In case you missed it, it’s worth it to retrace what happened last week, because it reveals an interesting study in leadership — and, more importantly, follow-ship — when it comes to beating the coronavirus.

The last time the data on cases, rate of infections, and hospitalizations were this awful, it was just about a year ago, at the beginning of the pandemic. The governor looked at the numbers then and told everyone to stay home, don’t visit with anyone except immediate family, make only essential trips to the store, bank, or the hospital.

“We will bend the curve if everyone cooperates,” she said.

And, in that seemingly idyllic time, compared to now, most folks followed the leader, and the curve came down.

So, faced with the same numbers right now, why didn’t she lock the state down again?

She says things are different now. We have three vaccines that, given enough time, will start to eat away at those lousy COVID-19 numbers. The only questions are, how long will the eating take? And how many persons will die while we wait?

In an attempt to speed up the process, the governor phoned her pal in the White House and made the case for the administration to change course on how it determines which states get how much vaccine. The current President Joe Biden policy is to use population as the guideline. You got more residents, you get more shots.

The governor made the pitch to the prez that the guideline should be, which states have the worst surge? Those with the worst should get more doses.

She made the pitch.

Her “pal” shot her down.

“I’ll continue to fight for Michigan,” the disheartened Biden backer lamented.

That sounds nice, but, most likely, won’t produce more vaccines.
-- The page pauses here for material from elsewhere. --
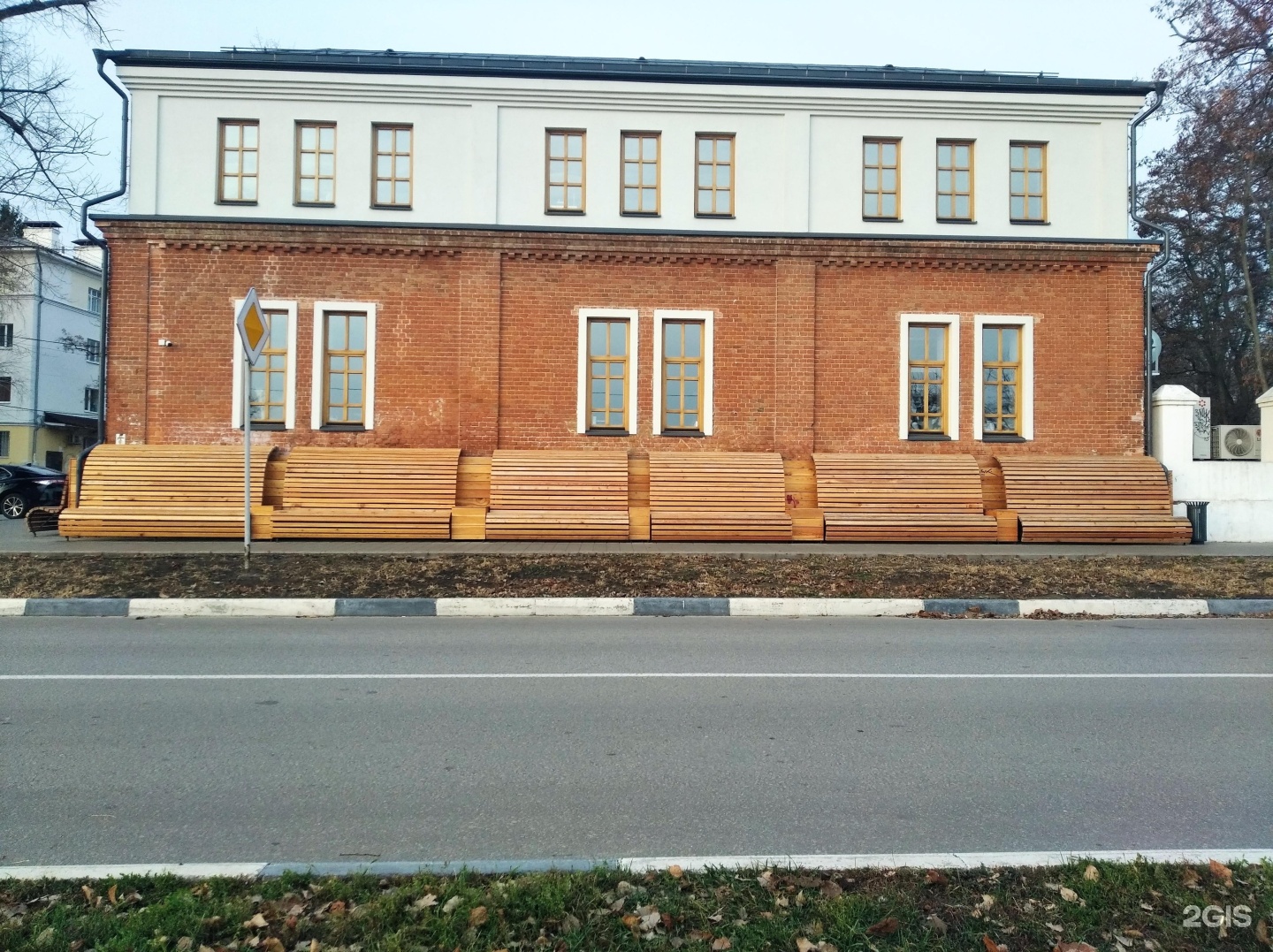 Х лит. Кольчугино магазин с подсветкой. Набережная обводного канала, 74 лит здания. Зиповская 5 лит х что там находится. Х лит.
There’s another element that is different. Back then, like the virus, the lockdown was a novel idea, and, for a public that didn’t know squat about the illness, it was willing to swallow the medicine.

Now that same public remembers the lockdown and it’s a year later, with COVID-19 fatigue also running rough-shod all over the state, lots of folks are not eager to reprise that 2020 stay-at-home order, and would likely storm the Capitol if she went there.

Her plea this time is for a two-week halt to in-classroom learning, a halt to sports, and no more indoor dining at your favorite pub.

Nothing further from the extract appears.